Pro-choice Democrats first tried to argue that their health care legislation could not subsidize elective abortions because of the Hyde Amendment, despite all the above facts and even though the bill created new funding streams not covered by the amendment. When that argument failed to satisfy pro-lifers, Congresswoman Lois Capps (D-CA) proposed a "segregation of funds" model: the federal government could subsidize insurance policies that cover abortion, but the abortions themselves would have to be paid for out of premium dollars rather than tax dollars.

But the money is fungible and the regulations unworkable. What's more, the segregation of funds model was not adequate to prevent abortions from being covered by the government-run public option or performed at federally funded community health centers. So pro-lifers continued to insist on something as straightforward as the Hyde Amendment: Stupak-Pitts.

Some pro-lifers, that is. The Senate adopted a health care bill of its own, to the right of the House version on the public option (which it killed) but to its left on abortion. Senate Majority Leader Harry Reid, whose spokesman says he is "strongly pro-life," specifically tossed out Stupak-Pitts and replaced it with language closer to the Capps Amendment. Casey teamed with pro-life senators Orrin Hatch (R-UT) and Ben Nelson (D-NE) to reinstate the Stupak guidelines. When their amendment was rejected 55 to 45, however, the pro-life Democrats promptly caved and voted to pass the final bill without pro-life language.

Stupak pledged to hold firm, but almost immediately he faced resistance from unexpected quarters: senior pro-life Democrats. "The saddest part of the whole Stupak saga," a Republican Hill staffer told TAS, "is that it was the ‘old bulls' of the pro-life Democrats who brought him down." Congressman Mike Doyle (D-PA) was the first when he signed on as a supporter of the Capps Amendment last July, but by March bigger names among the most senior pro-life Democrats would join him.

On March 17, Congressman Dale Kildee (D-MI) sent a constituent letter saying that as a pro-lifer he was satisfied with the Senate's abortion language and that he intended to vote for the bill. Congressman Jim Oberstar (D-MN), a past co-chair of the pro-life caucus, was spotted by Republican staffers actively lobbying Stupak Democrats to switch their votes. "I am convinced," one of these staffers said in an e-mail also sent to other journalists, "[Oberstar] transferred the Pro-life Caucus chairmanship to Stupak so that he could then undermine him on tough votes like this and eventually tear apart the caucus."
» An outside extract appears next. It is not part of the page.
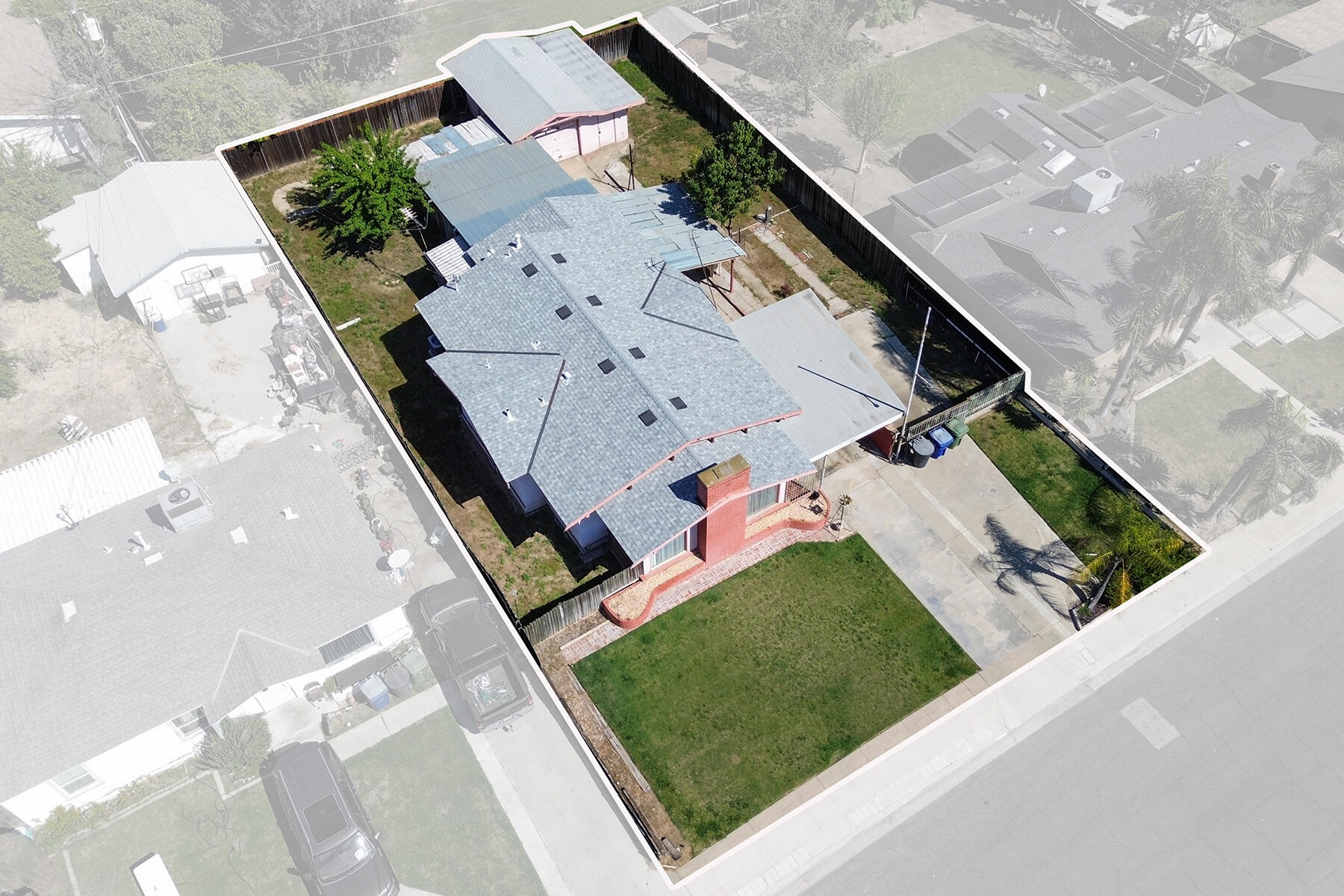 239 W Adelaide Way, Dinuba, CA 93618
With the "old bulls" defecting, Stupak's coalition was limited. The more conservative pro-life Democrats from competitive districts objected to other parts of the health care bill and their votes were never in play.The remaining holdouts were Democrats like Stupak: pro-lifers who were liberal on most other issues, basically in sympathy with the health care bill, and reliant on union support. According to the Hill newspaper's whip count, there were more than enough of them to defeat the bill if the leadership didn't relent on Stupak-Pitts. But they were not the most stable group for conservatives to count on to stop the health care juggernaut. "Pro-life Democrats wanted health care to pass and were looking for ways to support the bill," says Kristen Day. "Pro-life Republicans wanted to kill health care."

What happened next varies slightly depending on who you ask. "I believe the Obama administration lied to Bart Stupak," Congressman Trent Franks (R-AZ) told TAS. "They told him they already had the votes and Stupak believed them." A Hill staffer agrees, saying, "Stupak saw it falling apart and thought he needed to get whatever he could while he still had some leverage. We just don't think he got anything." What Stupak got was an executive order that could be rescinded at any time, overturned by the courts, or ignored because it does not have the full force of the statute behind it.

Yet Stupak may not have wanted to be directly responsible for defeating the health care bill. He told the Hill that the "best thing" for him might be to "vote no on this bill and then it passes anyways." Stupak was ready for his leadership to back down or to have the legislation pass without his vote, but not to be one of the deciding votes against it. "It's caused a lot of internal conflict," he admitted.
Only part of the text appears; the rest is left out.